Felipe miró fijo a Andrés y suspiró hondo.
—Honestamente, Andrés, ojalá supiera más. Por eso estudiamos todo esto, pa’ aprender qué pasa.
—Si descifro cómo se hablan esos cabrones —dijo Jordana—, sería el mayor avance desde que empezó todo. Podríamos retomar control. Programarlos pa’ hacer lo que querríamos en vez de correr salvajes en nuestra sangre. O al menos darles prioridades, mantenerlos enfocados.
—¿Aún crees que desarrollaron un idioma? —preguntó Andrés.
—Mate, ahora más que nunca. Es jodidamente difícil saber qué dicen. No solo encriptado, usan un idioma que ningún humano ha hablado. Pero con datos crudos suficientes, tal vez le dé una buena.
—Más bien un buen montón de datos —suspiró Felipe—. Vamos tan atrasados en esto. Debió ser prioridad desde hace rato. No fue hasta que Jordana llegó en diciembre y señaló que los bots tenían protocolo de comunicaciones. Ella lidera el proyecto desde entonces. El zumbido bajo de los servidores en la distancia vibraba como un enjambre lejano.
—Ah, así que es la chamba top secret que hacías aquí, Jordana —dijo Andrés con risita.
Le caía bien Jordana desde que llegó días antes de la fiesta de Navidad, pese a que no podía decirle qué pelaba en Nueva Eden, lo que divertía a Felipe y le ardía un poco a Andrés, considerando su acceso casi total al proyecto Quaranteam. Felipe decía que Andrés sería el primero en saber cuando Jordana tuviera algo concreto. Andrés la veía en eventos sociales y visitas a la base, y cada vez ella lo provocaba con su acento liverpooliano, diciendo que sabría cuando estuviera lista.

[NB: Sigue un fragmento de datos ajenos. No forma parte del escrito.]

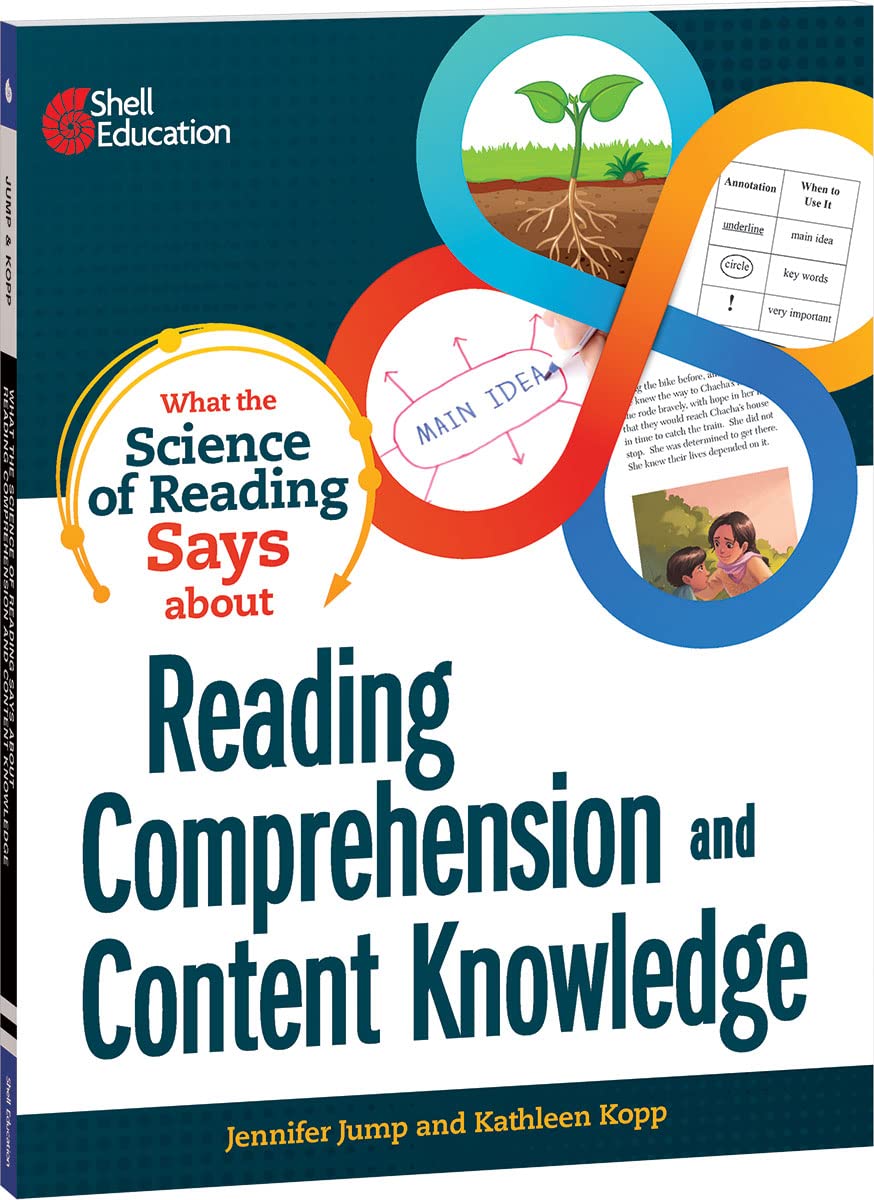 What the Science of Reading Says about Reading Comprehension and Content Knowledge (What The Science Says)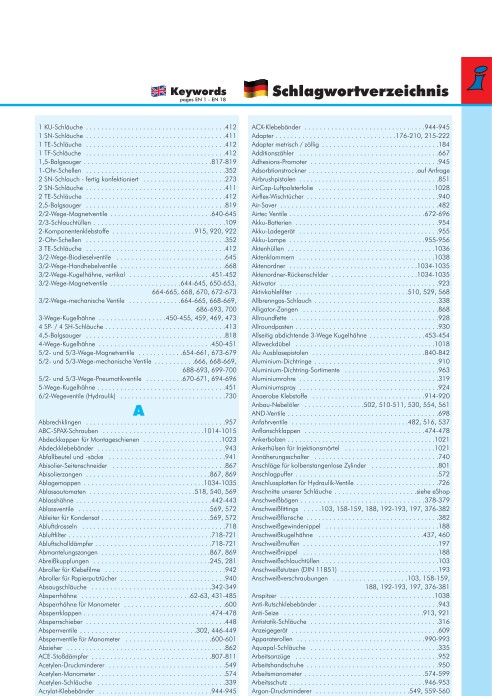 Übersicht Schlagworte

—¿Cuánta gente va a estar en nuestra casa pa’ esto, Felipe? —preguntó Emily.
—Traemos como veinte o treinta, pero Linda liderará tu seguridad, y Violeta cuidará específicamente a los niños —dijo Felipe—. Todos están aprobados por mí y son de confianza. Solo hay una en la lista que quizás duden, y si es así, díganme y me encargo de que no vaya. Todo el desmadre empezaba a cuajar alrededor de la oficina propia de Andrés en la base.